Kayla Martin used to fuel up for Penn State University track and cross-country meets by consuming packets of honey she gathered from local restaurants. She'd counter her tendency to cramp with what she calls "savory oats" — that is, oatmeal laced with similarly procured salt packets. She supplied her own Gatorade, as well.
Martin competed for the Nittany Lions not that long ago — from 2001 to 2005 — but so much has changed within the universe of student-athlete nutrition that her personal fueling strategies might seem light years away. "I didn't know what I was doing," says Martin, a runner who was actually on the right track, thanks in part to a nutrition class she was taking at the time.

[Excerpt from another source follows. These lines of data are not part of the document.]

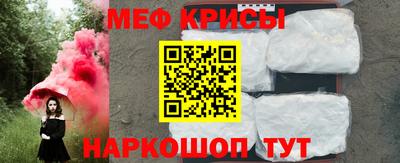 сатива Ставрополь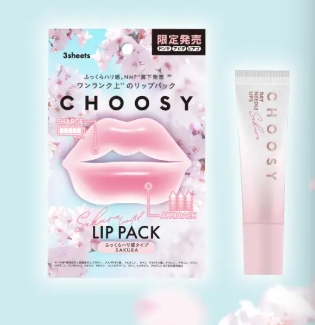 春を先取り♡CHOOSYから桜の香りに包まれるリップケア2品が限定登場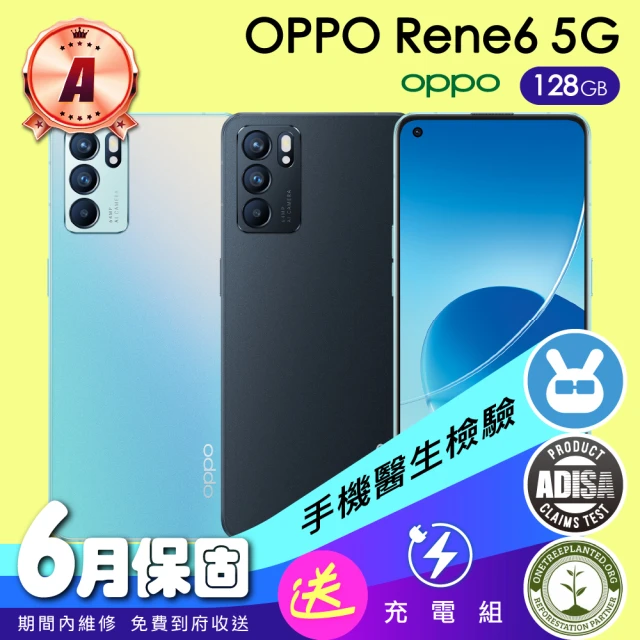 OPPO S級福利品 A79 6.72吋(8G/256G)優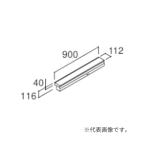 *INAX/LIXIL умывание туалетный столик kre vi [RB-TUY(900)] полки единица промежуток .900mm розетка нет производство на заказ (HB)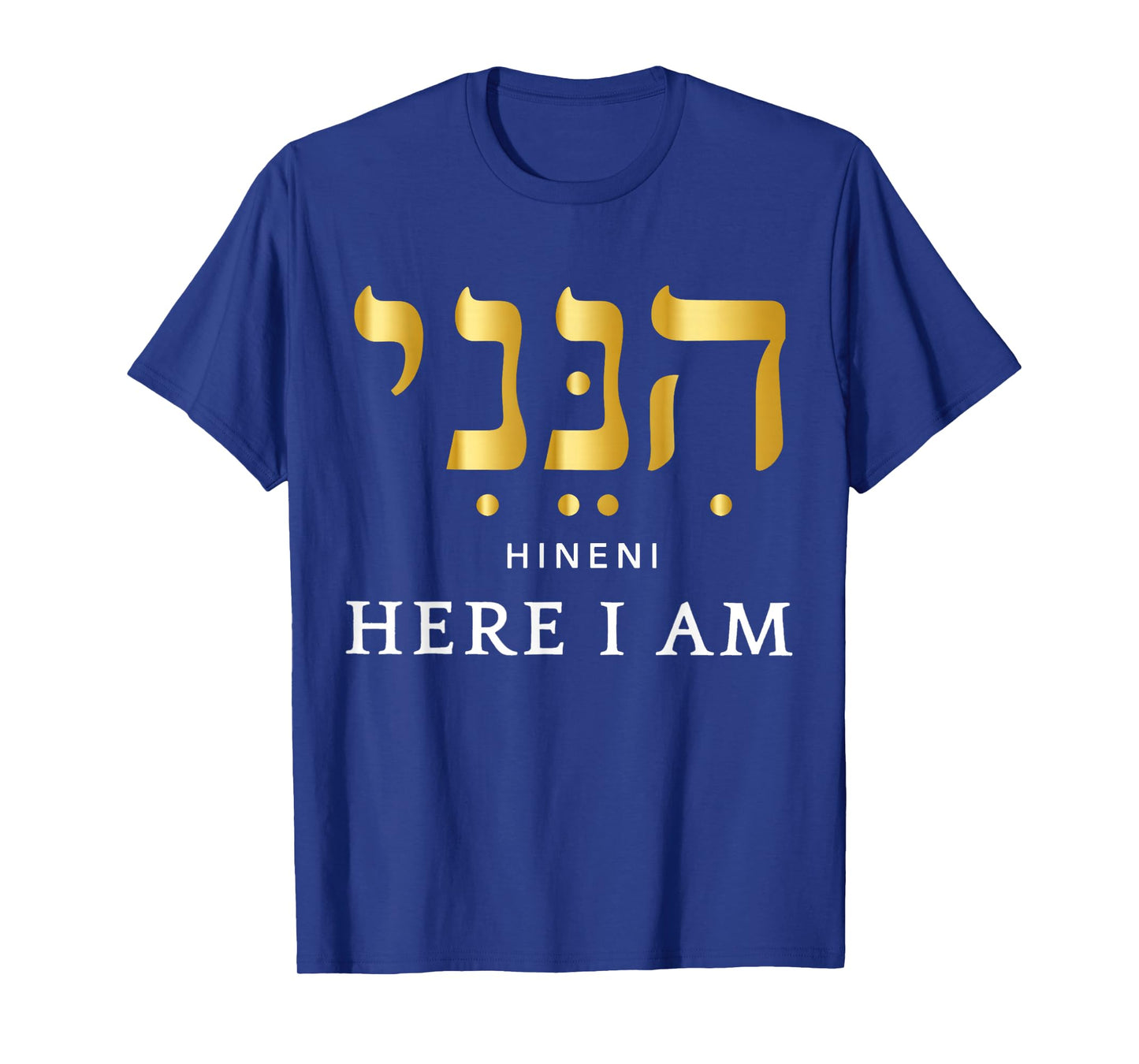 Hineni - Here I Am - Baruch Hashem in Hebrew T-Shirt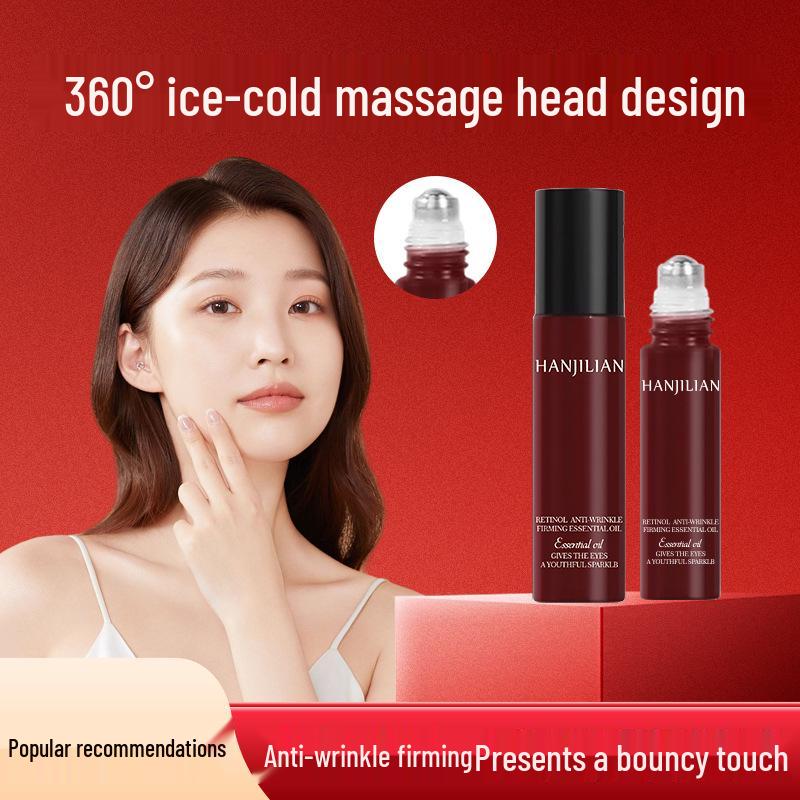 Koreanisches Han Ji Lian Augenöl mit Kollagen & pflanzlichem Retinol - Anti-Falten-Essenz zur Glättung feiner Linien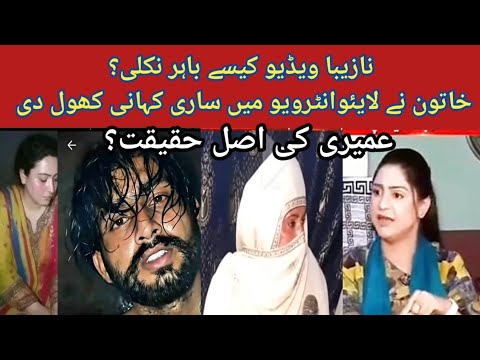 وائرل ویڈیو کا معاملہ اس ویڈیو نے دھوم مچادی عمیری کی اصل ویڈیو سامنے آگئی عورت کا کوئی نہیں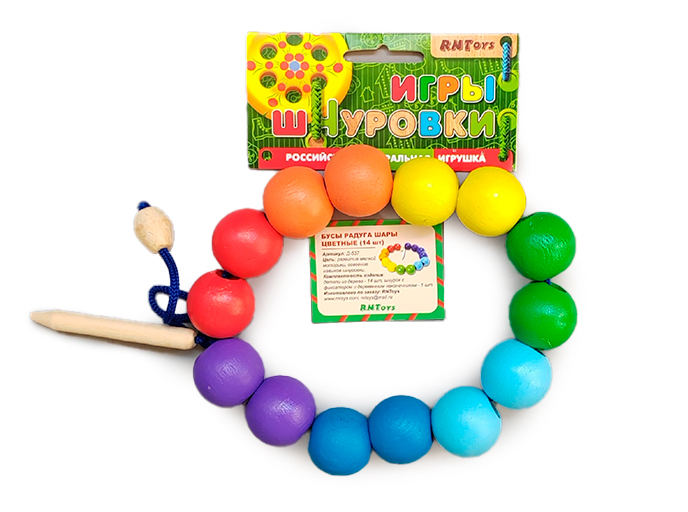 Игра Шнуровка-бусы «Радуга»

The fueling and refueling of collegiate student-athletes everywhere has taken tremendous strides since 2014, when the NCAA lifted restrictions on how schools can go about feeding their sports rosters. That legislation led to an explosion in hiring of registered dietitians by athletic departments determined to meet the demands of their hungry constituents. It also led many schools to renovate spaces inside existing athletic facilities to accommodate new fueling stations located along student-athletes' daily traffic patterns —just outside a weight room, for example, or within a player lounge — but often immediately adjacent to where their heaviest exertion takes place. Still other schools have had the good fortune to design full dining facilities or satellite snack stations from scratch, allowing architects and nutritionists to collaborate on state-of-the-art spaces unimaginable only a decade ago.
Today, Martin is Penn State's assistant athletic director for performance nutrition services, one of only a handful of registered dietitians among the hundreds now working on college campuses across the country to have AD as part of her title. Penn State was early to the new fueling party, too, opening the Lasch Football Nutrition Bar in 2015.
"Food is our agent of change, so to be able to provide fuel to these athletes and teach them by example is very impactful and powerful," says Martin, who became the nation's 18th sports dietitian in 2010, during a stint at Notre Dame. "It's been a really awesome transition from my time as a sports dietitian before all these rules happened in 2014 — where we weren't able to provide as much and we were on our own — to now being able to better serve the athlete, to help them to be more durable and to really accelerate in their sports performance."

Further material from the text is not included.